Eppure i 21 criteri epidemiologici che determinano l’inserimento di una Regione in zona gialla, arancione o rossa sono stati approvati con il consenso degli stessi governatori. Elaborati per la prima volta il 30 aprile scorso, sono divisi in tre categorie: ci sono gli indicatori sulla capacità di monitoraggio; quelli sulla capacità di accertamento diagnostico, indagine e di gestione dei contatti; e gli indicatori sui risultato relativi a stabilità di trasmissione e alla tenuta dei servizi sanitari. L’Iss, con delle slide pubblicate online nelle stesse ore della Conferenza delle Regioni, fa sapere che i dati relativi al monitoraggio “sono aggiornati” e permettono di stimare l’andamento del virus. Il sistema, aggiungono, non è troppo complesso, al contrario “tiene conto di tutti gli aspetti legati all’epidemia” e alla risposta dei sistemi sanitari. L’intero meccanismo è confluito in una circolare del ministero della Salute datata 12 ottobre 2020 che contiene in allegato il documento “Prevenzione e risposta a Covid-19”. Chi lo ha realizzato? I tecnici del ministero, l’Istituto Superiore di Sanità e il Coordinamento delle Regioni e Province Autonome. Qui vengono delineati per la prima volta gli scenari di rischio a cui sarebbe stato esposto il nostro Paese durante l’inverno. E poche settimane dopo è arrivato il dpcm che ha formalizzato ulteriormente il meccanismo, distinguendo la zona gialla da quella arancione – caratterizzata “da uno scenario di elevata gravità e da un livello di rischio alto” – e da quella rossa, considerata “a rischio massimo”.
Le conseguenze, però, non sono piaciute a molti. Dal presidente facente funzione della Calabria, Nino Spirlì, secondo cui la sua Regione è stata chiusa “con i numeri della tombola“, fino al governatore Vincenzo De Luca.
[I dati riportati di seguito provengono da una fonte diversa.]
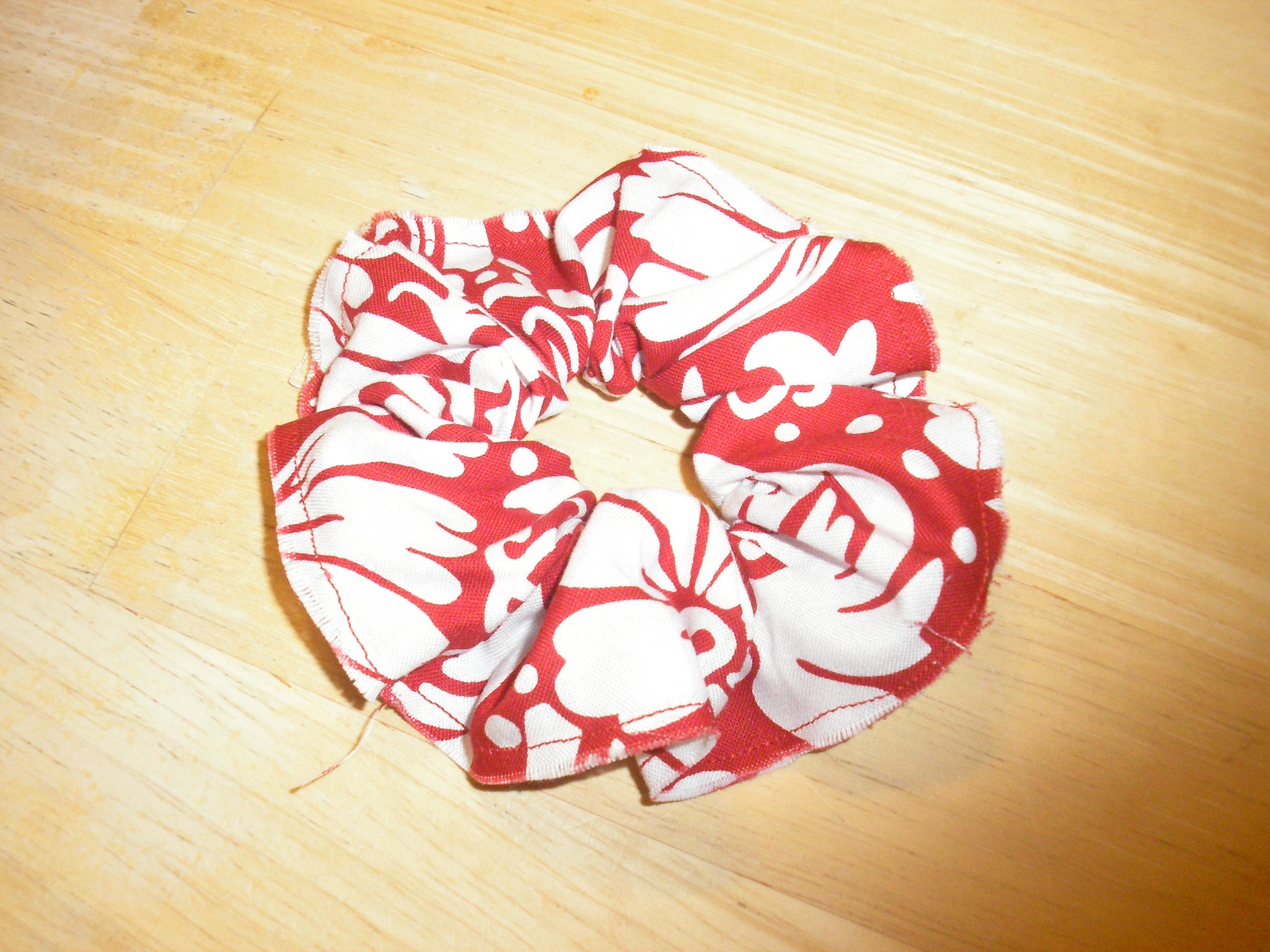 Sew a Simple Scrunchie! 5 Steps (with Pictures) Instructables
Che, dopo l’inserimento in zona rossa della Campania, ha tuonato contro Palazzo Chigi invocando un esecutivo di unità nazionale. “Noi eravamo per chiudere tutto ad ottobre”, aveva spiegato. Ma “il governo ha fatto un’altra scelta”, facendo “perdere due mesi preziosi” con “provvedimenti sminuzzati”. Polemiche dovute anche al fatto che il ministero della Salute ha messo in dubbio i dati sul monitoraggio della pandemia arrivati nel corso delle ultime settimane dalle Regioni. Ispettori sono arrivati a Napoli, mentre a Genova la procura ha aperto un fascicolo per ora senza ipotesi di reato. I governatori, chiarisce ora il ligure Giovanni Toti, chiedono un incontro urgente con il governo per “rivedere in un’ottica di semplificazione i parametri che sono stati elaborati nella prima fase della pandemia procedendo ad un aggiornamento delle indicazioni sull’utilizzo dei test rapidi antigenici e del test di biologia molecolare e alla modifica degli indicatori per il monitoraggio ai fini della classificazione“. “L’impressione che ho”, aggiunge Acquaroli delle Marche, “è che da qui ad aprile, se rimarrà lo schema giallo arancione rosso, c’è il rischio di un’epidemia che si ferma e riparte più volte, che fa su e giù con la curva”. Acquaroli vorrebbe che si evitasse “un continuo rincorrersi di ‘televenerdì’, puntata settimanale che vede cittadini e amministratori capire come sono classificati: credo sia una percezione e una visione molto triste della politica e del livello delle istituzioni in Italia”. Occorre, ha concluso, “mantenere il giusto equilibrio nelle scelte e che siano condivise e rapportate e ai territori”.